Témoigner de la reconnaissance à ses proches

Ce n’est plus toujours la personne sur scène qui souffre le plus de l’échec. Il manque dès lors un point essentiel au Fuckup Nights Manifesto: "Acknowledge the people who are close to you". 

Veillez à ne pas perdre de vue les proches qui vous accompagnent tout au long du processus.

La perte d’une entreprise n’arrive pas du jour au lendemain. Elle est souvent précédée d'un processus très éprouvant. Les entrepreneurs prennent parfois des risques majeurs, mettant en danger tout ce qu’ils possèdent, mais s’attendent à rentrer chez eux dans un havre de paix, où la question du travail ne peut être abordée.

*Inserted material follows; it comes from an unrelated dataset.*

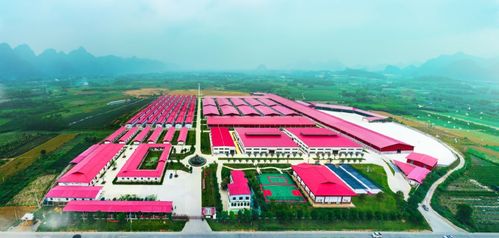 貓千歲 健全 電商基因 走俏網絡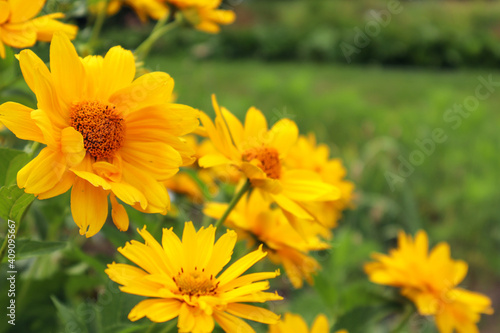 Yellow rudbeckia flowers in the garden, side view, place for text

Ils oublient qu’il y a là une famille qui, comme eux, peut tout perdre et qui ne sait absolument pas si et quand cela arrivera. Veillez à ne pas perdre de vue ces personnes qui vous accompagnent tout au long du processus. Informez-les. Ne les laissez pas dans l’incertitude quand les choses tournent mal. Car même si vous ne dites rien, vous pouvez être sûr(e) qu’elles sentent très bien votre combat, votre stress et votre anxiété. Témoignez-leur votre reconnaissance. Remerciez-les sur scène en cas de succès ou d’échec, car ce sont elles qui vous soutiendront quand vous vous lancerez dans votre prochaine entreprise. Soyez-leur reconnaissant(e) d’avoir été à vos côtés, car cela ne va pas de soi. Reconnaissez l’amour de ceux qui vous entourent.

Ne pas tout risquer

Se concentrer exclusivement sur l’échec n’aide pas les futurs entrepreneurs. Nous faisons fausse route en nous focalisant sur l’insuccès. En effet, nous arrivons trop tard et nous gâchons ainsi des idées, du talent, de l’énergie et de la créativité.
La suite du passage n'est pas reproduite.